Se você ainda tem preconceito contra os vinhos chilenos, repense. Os rótulos industriais, simplórios e baratos ainda vendem como água nos supermercados e seguem superpopulares, mas, paralelamente, os melhores produtores do país estão escrevendo um novo capítudo na história do Chile. Na última década lançaram muitos vinhos capazes de ganhar, às cegas, de míticos rótulos franceses. Como? Fugindo do calorão. É dificílimo alcançar os mais altos níveis de qualidade em regiões quentes e secas demais, como os vales centrais do Chile em tempos de aquecimento global. A solução para os enólogos mais respeitados de lá foi começar uma corrida pela compra de terras mais frescas, em encostas ou bem ao Sul de Santiago, onde antes quase ninguém plantava vinhas. A Casa Silva, com sede no Vale de Colchagua, foi a pioneira. Plantaram sauvignon blanc, pinot noir e riesling à beira do Lago Ranco no Vale de Osorno, 900 km ao Sul de Santiago, na patagônia chilena. Seu espumante extra brut foi elogiadíssimo pelo Ferran Centelles, um dos mais reputados sommeliers do mundo.

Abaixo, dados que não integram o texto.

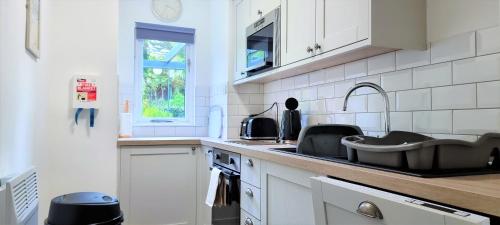 a white kitchen with a sink and a window at Tregenna Castle Resort in St Ives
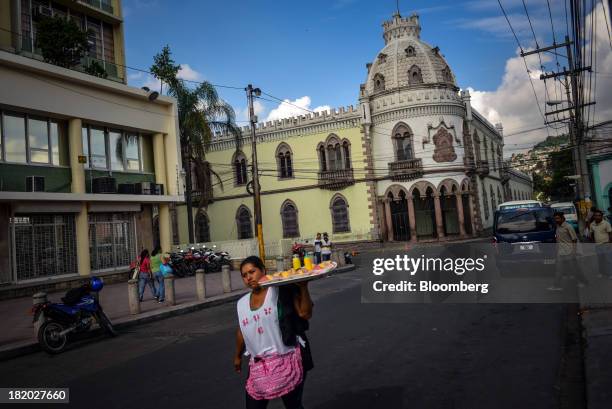 Woman selling fruit walks past the former presidential palace in Tegucigalpa, Honduras, on on Wednesday, Sept. 4, 2013. Economic growth in Honduras...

Outra vinícola gigante, a Montes, sediada no mesmo Vale de Colchagua, foi mais longe. O proprietário Aurélio Montes e seu filho homônimo resolveram comprar terras em uma ilhota no arquipélago de Chiloé, quase inabitada, onde faz frio boa parte do ano. Especialistas dizem que o limite máximo onde dá para produzir vinhos no Hemisfério Sul é o paralelo 42 S, que passa justamente ali. Com isso, aumenta o risco de geadas na primavera e de dificuldade de amadurecer as uvas por falta de sol quente, mas os Montes estão empolgados com o desafio. “O futuro do Chile é o Sul”, afirma Montes pai. A primeira safra será vendida em 2021. O duo também faz um tinto leve e delicioso no Vale de Itata – a zona mais hypada do Sul – com a uva Cinsault, a mais típica dali. O surgimento desse e de tantos outros vinhos frescos, com fruta e acidez vivas em Itata é uma verdadeira revolução e tem muito a ver não só com o clima mais frio e úmido, como também pelo resgate de uvas que eram até há pouco desprezadas. A país, trazida pelos primeiros colonizadores, foi desprezada e vista como inferior por séculos, e em Itata vive o maior revival. O grande mestre em vinificar essas uvas é o famoso enólogo Pedro Parra, que não se acanha em falar mal dos vinhões produzidos em volume e que tentam copiar os tintos de Bordeaux. Tudo o que querem ele e seus vizinhos em Itata – inclusive os super em voga irmãos da De Martino – é o contrário: vinhos que sussurem no ouvido ao invés de berrar em alto-falante.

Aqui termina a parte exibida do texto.